Sustaining Cultural Analytics Research and Teaching: The Future of Code and Data Work in DH

1. Overview

In recent years, cultural analytics (CA) has emerged as a core constituency of the “big tent” of digital humanities (DH). Known previously as culturomics, distant reading, computational literary studies, or macroanalysis, the label “cultural analytics” is preferred by many because it attempts to be inclusive of humanities subjects outside of literary studies, and it suggests a confluence among humanities, social sciences, and computational disciplines. Under any name, CA generally aspires to go beyond “computer science applied to culture” to propose “a wholesale rethinking of both of these categories” (Piper 2). And, as Ted Underwood has argued, acknowledging CA as a multi-disciplinary project requires recognizing that it belongs equally to both the humanities and quantitative social science ("A Broader Purpose"). 

The distinct nature of CA as a confluent area of specialization with a diverse set of stakeholders creates an environment where many different demands are made on its practitioners. Expectations for teaching and research, existing incentives, and institutional priorities perpetuate and exacerbate these challenges. The concept of “code and data work” is crucial to these imbalances because it encompasses the labor of data collecting, curation, wrangling, etc., as well as the degree to which the ostensibly mechanical or trivial details of coding can have “heightened downstream impact” (Sambasivan et al.). These kinds of labor, as Nithya Sambasivan et al. and Lauren Klein have both argued in very different contexts, are often undervalued “relative to the lionized work of building novel models and algorithms” (Sambasivan et al. 1). In turn, they are more likely to be designated as carework; that is, feminized labor that is meant to be conducted “because you care,” and thus requires little or no compensation (Klein). 

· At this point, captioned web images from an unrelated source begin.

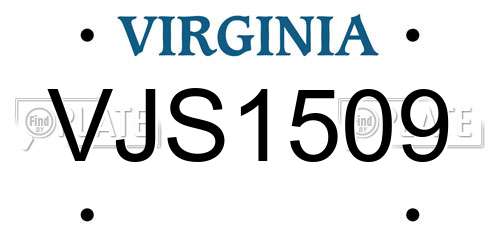 VJS1509 Virginia License Plate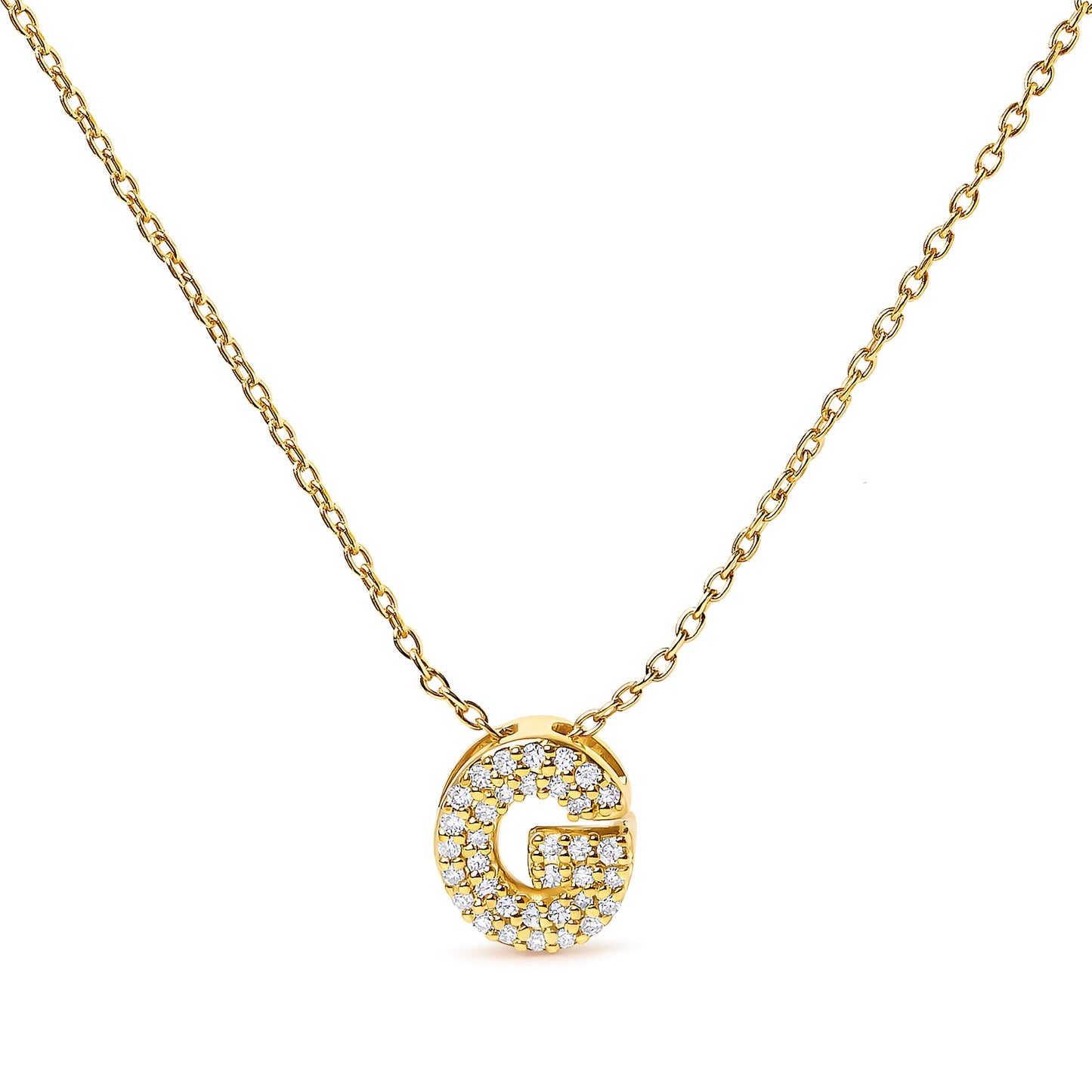 10K White Gold Diamond Accent "A" Initial Bubble Pendant Necklace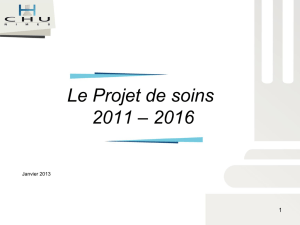 Le Projet de soins 2011 – 2016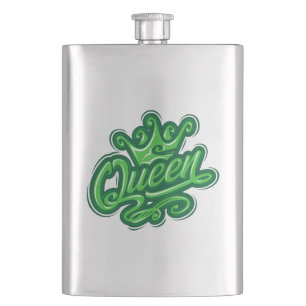 Queen With Crown, Typography Design Flask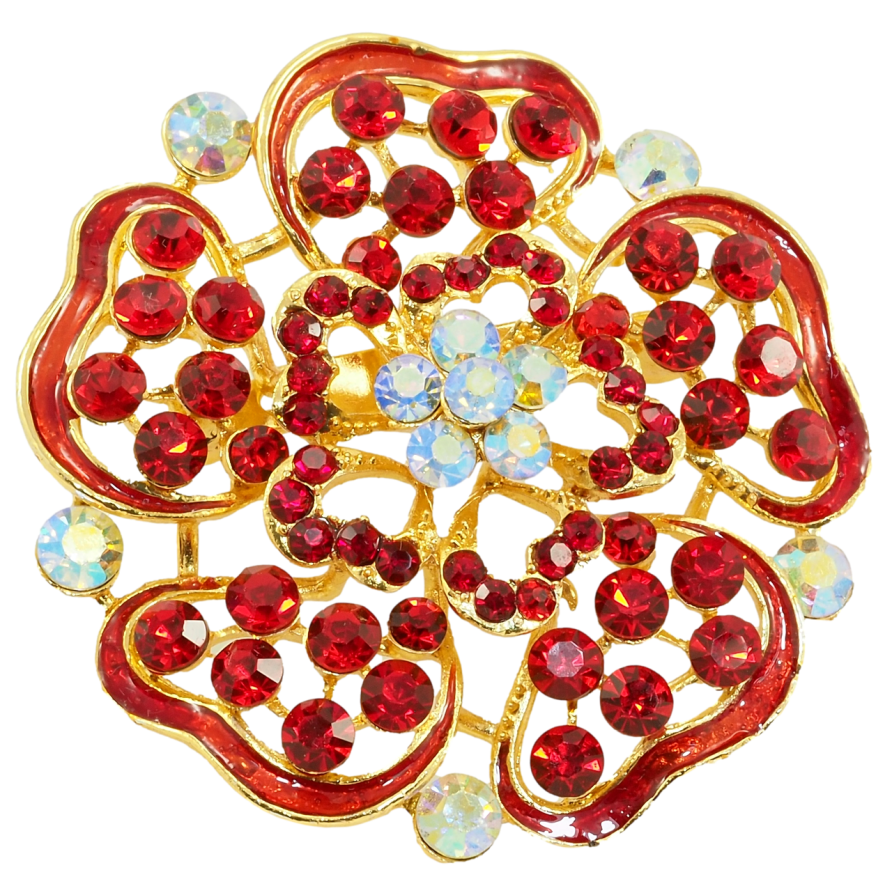 Брошка Квітка з червоними стразами та емаллю фото №1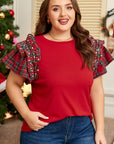 Plus Size Christmas Plaid Pearl Ruffle Sleeve Holiday T-shirt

This panel of short papers focuses on the role of code and data work in CA teaching and research, with an emphasis on areas where we might reimagine the socio-technical infrastructure supporting this labor in order to have a positive impact on CA specifically and, by extension, DH as a whole. More specifically, we discuss the following topics: a new genre of peer-reviewed, article length scholarship called “praxis papers” as a means to encapsulate forms of code and data work distinct to CA in the form of a citable publication (Lavin); the complexities of representing the humanities in classroom spaces where the main learning goal is a computational skill (Ladd); the importance of critically examining our coding practices, with an emphasis on sustainability (LeBlanc); how CA pedagogy has taken on the challenge of evaluating data-driven and code-based assignments (Preus); and how we might develop a collective framework of best practices to circumvent the unique challenges that CA practitioners face.

2. Individual Abstracts 

Can DH Do Details? Toward a Praxis Paper Model of Publication

Matthew J. Lavin

 

Many in digital humanities (DH) have argued that the “mechanical processes” of computational inquiry have direct and substantive impact on downstream findings and their interpretation (Drucker, 628; see also, Bode, Cordell, and D’Ignazio & Klein). Such claims of interconnection are generally made without providing detailed examples of automation systems and the values they may inscribe. In this presentation, I describe the idea of a “praxis paper” as one possible solution to a range of structural factors in DH that make “doing details” challenging, which is especially problematic for computational humanities or cultural analytics concerns. DH scholarship has established a conceptual foundation for genre, but it is too often the case that the specifics of data and code are regarded as either trivially straightforward or requiring too technical detail to understand. Procedural decisions are often omitted entirely, glossed over, or addressed only in code files or project documentation. Journals more focused on computational humanities or cultural analytics, meanwhile, tend to require either methodological novelty or an emphasis on new findings, which excludes some of the most important considerations that scholars may wish to engage with at different stages of their research. I imagine a praxis paper as a new genre of article-length, peer-reviewed scholarship that synthesizes algorithmic precision with an attempt to consider the broader consequences of seemingly neutral computing decisions. In some ways analogous to a data paper—which encapsulates the preparation, curation, and description of a dataset in the form of a citable publication—a praxis paper would focus on using procedural specificity to demonstrate how methodological decisions might embody and encourage particular sets of values.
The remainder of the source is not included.